Municipality Failed Borrowing
February 12, 2008
– Comments (3)
The developments in this market are fasinating...
So, debt was easy to sell because it was insured, right? Or at least investors thought it was insured. Now with concerned over whether the debt will be paid back, debt isn't so easy to sell. It could also be that investors want wider margins.
It now appears that municipalities are being hit, http://www.chron.com/disp/story.mpl/ap/fn/5536272.html
$6 billion of municipal debt wasn't bought...
Personally, I think it is a good thing seeing this happen. It forces municipalities to be more responsible.

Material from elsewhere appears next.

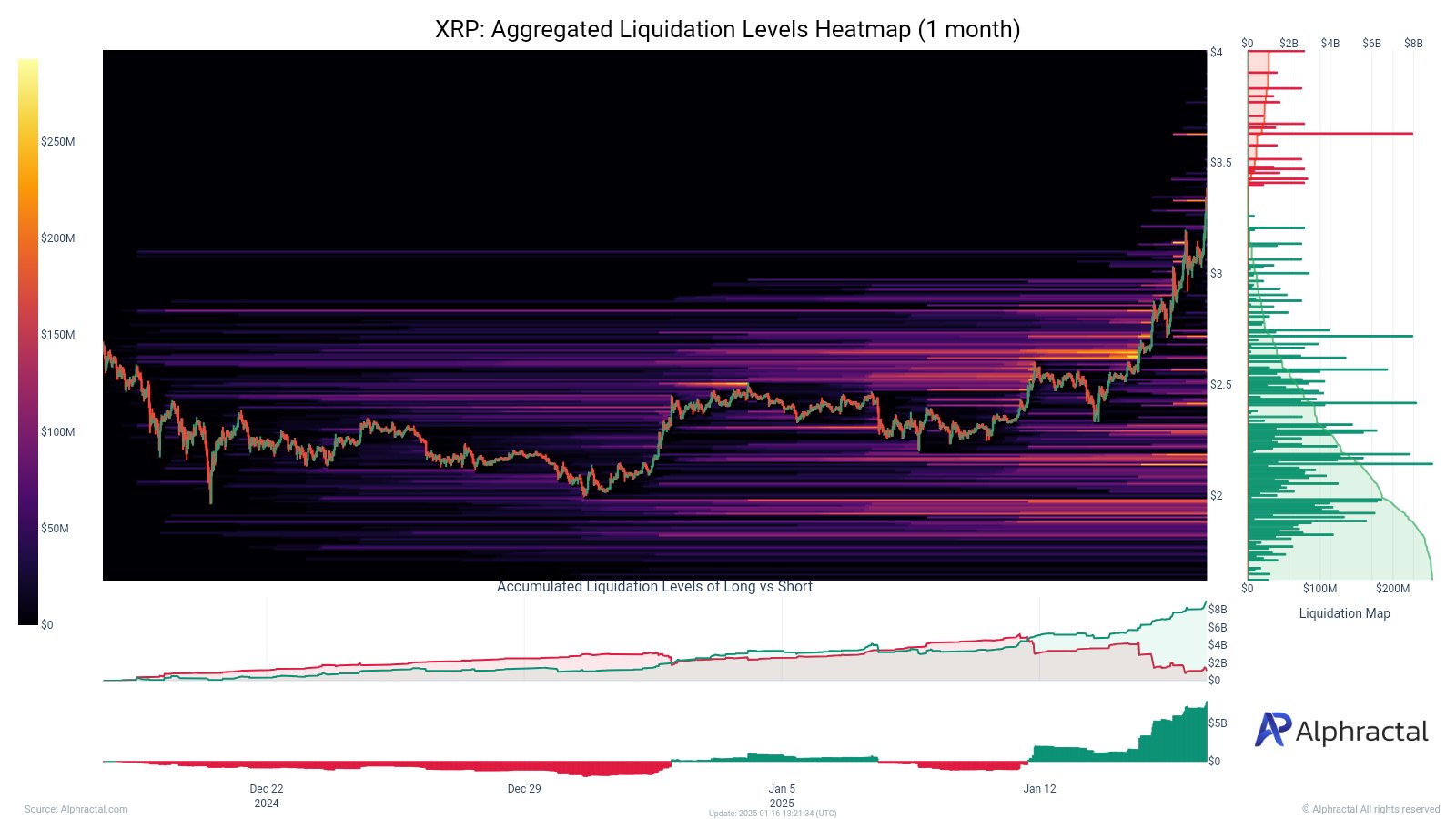 XRP Uzun Likidasyon Isı Haritası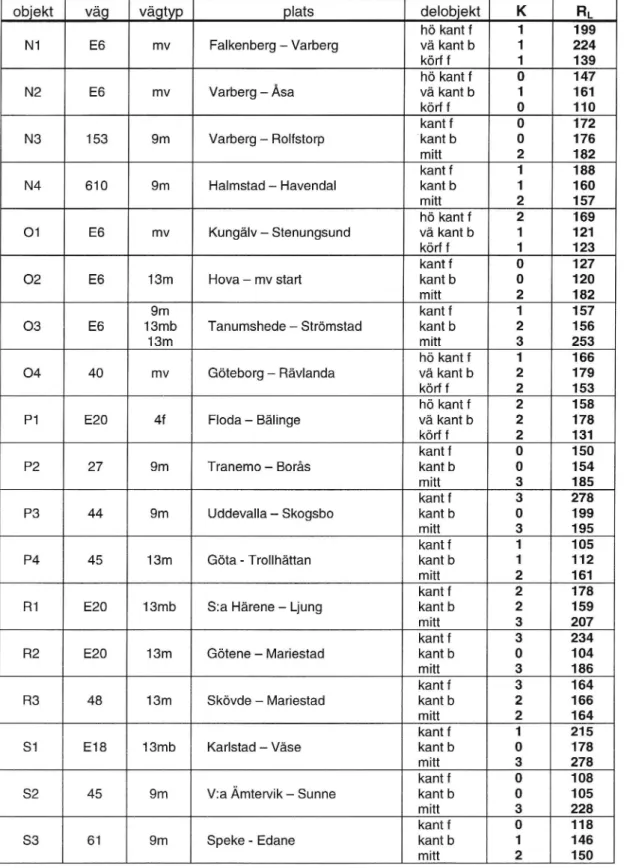 Tabell 3 Kvalitetsklass, K (0-3), samt retroreflexionens medelvärde, RL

Around 96 I had a friend running for City Counsellor under the Green Party. I tried to get him to switch to a party that would actually give him a chance of being elected. Anyway, it was during that time as I was helping him with his campaign I did some research on Vancouver's municipal finances and I did not like what I found. They need a vote to increase debt, but once they have it they can roll it over forever. The city had about a half billion of debt at the time and the level of debt was showing a pattern of constantly rising.
The party in power launched the "tax payers are really stupid" campaign where they had a referendum to borrow an extra $100 milion and they had a platform for lowering taxes by 5%, which they did... It seems to work all the time, borrow to give tax payers things that ought to be paid for as you and reduce taxes so the budget has zero chance of balancing in the future and will be more debt impaired.
Anyway, it prompted me to check out Burnaby and there was a $200 million contingency fund. We paid roughly the same amount of taxes as Vancouver, but the services were way better and we were paying for them as we went along as we had an extra 15% to spend because of not having debt servicing costs.
Not paying for services being used today simply download the cost to future generations and it is high time something stops this constant downloading of today's costs on those we ought to be leaving a better world for.
I hope the next round of Canadian municipalities that try to get debt fail as well and have to work on an alternative plan, like paying for it as you go and even paying the money back.
The other thing that borrowing to lower taxes does is it enables home prices to go up more than they should, not by much compared to how out of line home prices have gotten. But, if you have qualifying income for mortgage, taxes, utilities and strata fees that can't come to more than 32%, and taxes are suppressed by say $50/month, or $600/year, well that means qualifying income to the mortgage artificially goes up by $50/month because the property tax is artificially low by $50. Well, at 6% interest $50/month will qualify for about $8,500 of mortgage, so that's $8,500 less of speculation
While I am on the topic, the developer fees are also a pass the buck and off load to the next generation policy. If a developer has say $50k of municipal fees to build a new home, well, the stuff I've read suggests that muncipalities have had a "cash cow" with bull on the housing market and all the extra development fees they got. We, guess what... Now that revenue is falling off a cliff and they have to raise the money from where it ought to have been raised in the first place, the whole tax base. Actually, they've also had a cash cow on how much the housing market has gone up.
So, the first time buyer pays twice, first because all homes in the market went up $50k. The $50k only had to be priced into the new home, but markets as they are, homes are priced relative to each other, so as those developer fees went up and up and up, all existing home owners magically got that showing up in their home equity. So, the new home owner had to pay $50k more because that the cost to build a home, and now they get to pay again as taxes are adjust so that declining builder's fees are spread out through increasing taxes. If everyone paid probably no more than $100/month more in taxes those development fees could probably pretty much disappear and housing would become more affordable by $50k. So, you'd qualify for $17k less of mortgage at 6% by having to pay $100/month more in property tax.
I'm just pulling numbers out of air here in terms of how much of of being paid is actually debt servicing and how much is be downloaded onto developers, but I think I've given a good enough example to show how these two things have pushed housing price up more, one simply giving more room for speculation and the other giving real cost increases to home prices because of the developer's fees. The fees also suppress the rate of taxes the tax base ought to be sharing. And guess what, the shift of tax burden now goes back to home owners because with less homes being built there isn't as much revenue here. So, new home owners end being hit with higher priced homes and now they will also be hit with more property taxes.